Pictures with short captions
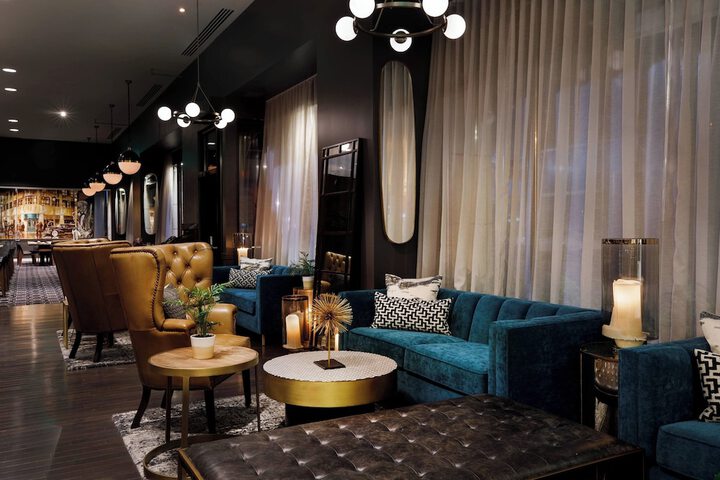 Lounge 54 of 57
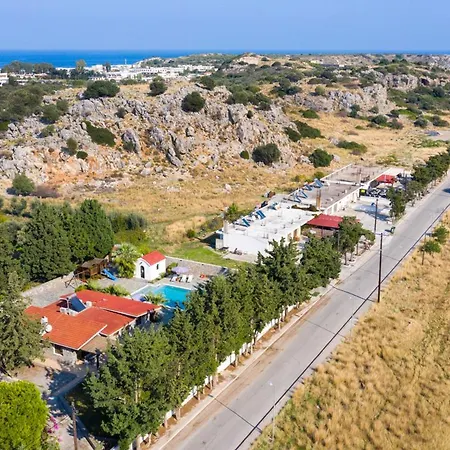Vilă Kolympia Sleeps 6 With Pool Air Con And Wifi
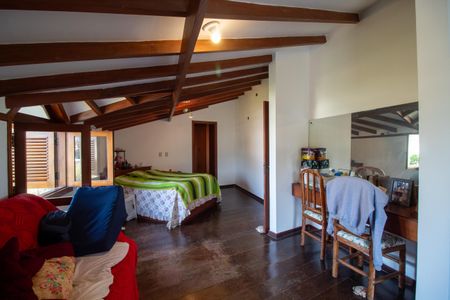 Casa à venda com 800m², 4 quartos e 6 vagasSuíte 1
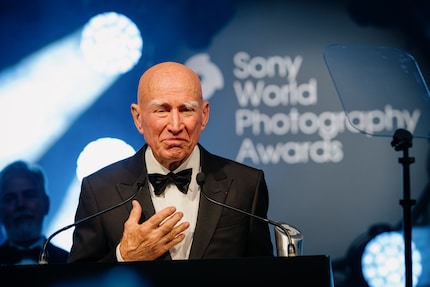 Sebastião Salgado received the Lifetime Achievement Award in London on Thursday.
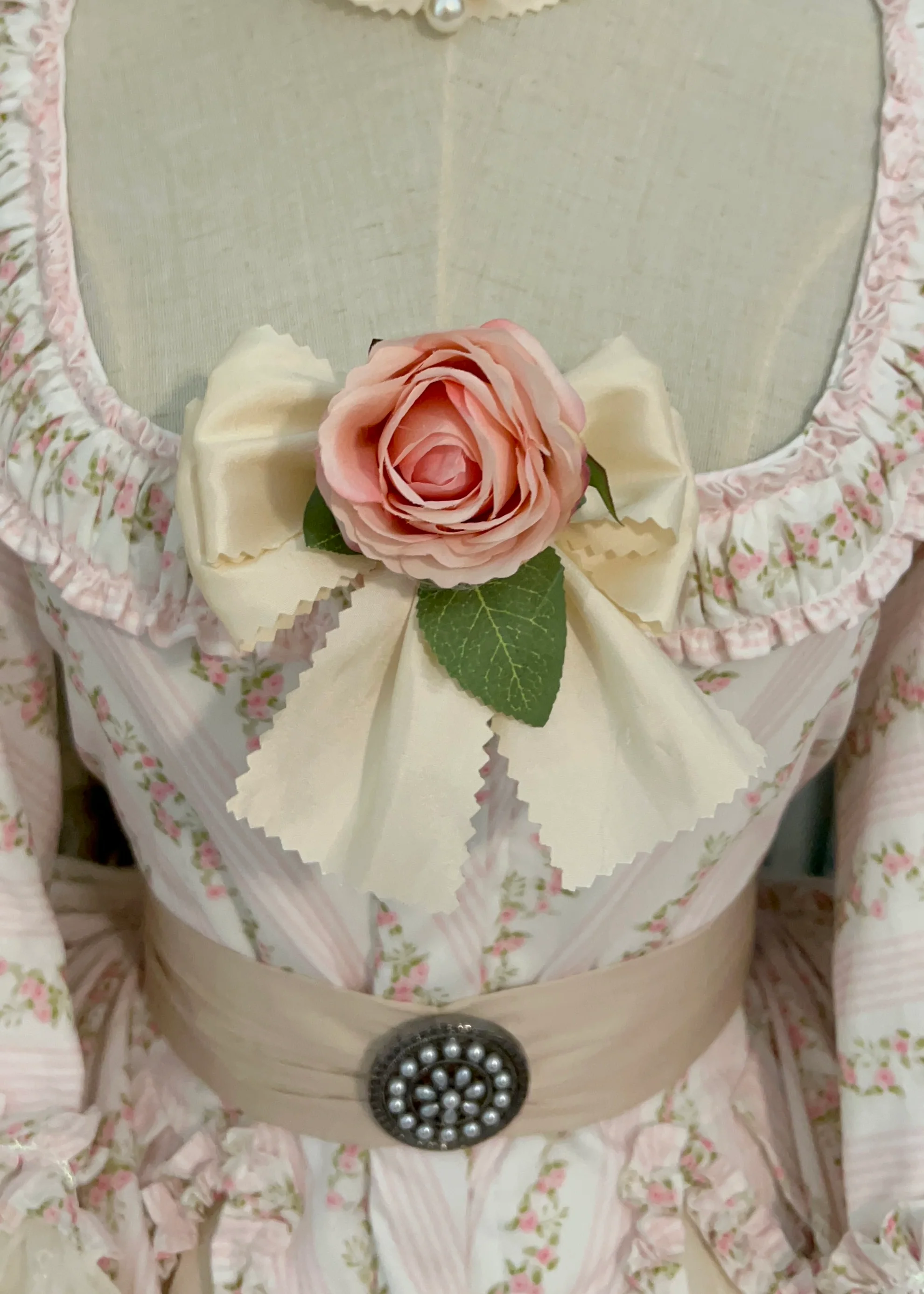 The porcelain gown - Image 18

TASK REQUIREMENTS: Please output the lines of the records above from the one with "Sebastião Salgado received" through the last, exactly as they appear and with both ends included; skip any pictures and add nothing.

COMPLETED TASK:
 Sebastião Salgado received the Lifetime Achievement Award in London on Thursday.
 The porcelain gown - Image 18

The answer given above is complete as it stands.